Forward-backward pass being a bottleneck in multi-gpu training


I have a training in which I start to see forward-backward pass being a bottleneck for my multi-gpu training.

When I run it on two gpus, everything looks nice, as described below. When I put work to more, for example, 4 gpus, the time I spend in forward-backward scheduling starts to be longer than the computations itself.

To provide more details: I have profiled the training, data processing/loading is in the background, there is similar computation work for each of the gpus. Everything looks nice on the profiling graphs when run on 2 gpus. With 4 it is clear that the forward-backward scheduling, waiting this to finish, puts some gpus into idle. The model itself is quite complicated. For example, an autoregressive loop which does a dynamic loop around some blocks is involved.

I have a few questions:

  1. Multi-thread
    Could I perform forward-backward passes, for each gpu separately, in different threads of the same process?
    I saw some comment on the forum that autograd is not thread-safe.
    But, maybe it is, when each thread will be doing scheduling only for its dedicated gpu?
    Or, maybe there is some other update in this topic: mxnet/autograd thread-safeness?

  2. Multi-process
    If I cannot do forward-backward multi-threaded way, then, I guess, I could do it multiprocess way.
    Do I lose some performance because of that?
    Do the gpus communicate between different processes still through internal GPU peer-to-peer communication (I don’t know exactly what I am talking about), or through some more external, like MPI, protocol, then?
    If I want to run the training on, for example, 8 gpus, does it make sense to run 4 processes, each running on 2 gpus, or I should go directly/simply with 8 processes covering 1 gpu each.

  3. Model parallelization. Putting different parts of the graph into different gpus.
    Theoretically, I know what I would need to do to achieve that, but, are there any examples for running “model parallelization”-like training in mxnet, which I could look into?


Hi bart314,

There is actually a way to do what you want with multiple threads. gluon-nlp has a Parallelizable class that your model can extend and a Parallel class that you use in conjuction with your model. There’s an example of how you would do a forward pass in the documentation of the code linked.

You can use this directly if you’re training the model in python with gluon.

Copying @ThomasDelteil’s answer here for points 2 and 3 for greater visibility.

“wanted to take the time to run some experiment to give you more data points, but what I would recommend is trying horovod on a single node. horovod use nccl for GPU to GPU communication and each GPU is running its own process. for horovod this discussion might be helpful for you Distributed training questions”
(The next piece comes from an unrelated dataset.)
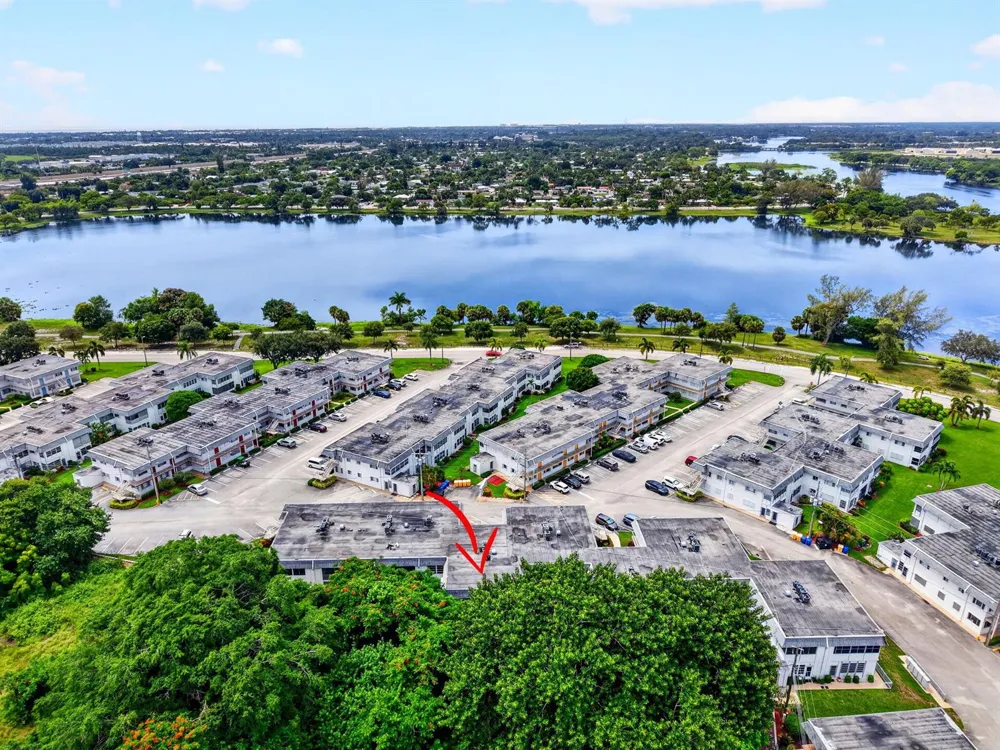 3120 Cynthia Lane #107 Lake Worth, FL 33461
Hi @bart314, something like this works for model parallelization. I haven’t done a realistic use case training run yet, but the toy example below runs and will give you an idea. I think the code is self-explanatory. The most important part is that you need separate trainers for different contexts (that is, different parts of the model living in different contexts), that you need to update. Then the rules I follow are these simple two:

  1. If model lives in ctx1 then it’s input must be brought to the same context before consuming it (use nd.as_in_context(...).
  2. You need a separate trainer for each different context that you use. Each of the trainers will store the part of the network parameters that live in that specific context. Each separate trainer needs to be updated independently.
import mxnet as mx
from mxnet import gluon, nd, autograd

ctx1 = mx.gpu(0)
ctx2 = mx.gpu(1)
myloss = gluon.loss.L2Loss()

# Model 1. This can be part of a larger model
net1 = gluon.nn.Conv2D(32,kernel_size=3,padding=1)
trainer1= gluon.Trainer(net1.collect_params(),'adam')

# Model 2. Same: it can be part of a larger model
net2 = gluon.nn.Conv2D(64,kernel_size=3,padding=1)
trainer2= gluon.Trainer(net2.collect_params(),'adam')

# Here I introduce an input, that lives in context1, and a ground truth label
# that lives in context 2. 
batch_size = 1
input_img = nd.random.uniform(shape=[batch_size,4,256,256],ctx=ctx1)
label_gt = nd.random.uniform(shape=[batch_size,64,256,256],ctx=ctx2)

# This is a a single training forward_backward and update
# The output of model part 1 is first copied to context of model part 2
# Then consumed by model part 2
with autograd.record():
    out1 = net1(input_img) # this is in ctx1
    out1 = out1.as_in_context(ctx2)
    out2 = net2(out1)# This is ctx2
    loss = myloss(out2,label_gt)
# Two separate updates for each part of the model. 

@indu has some amazing tutorials, check this out.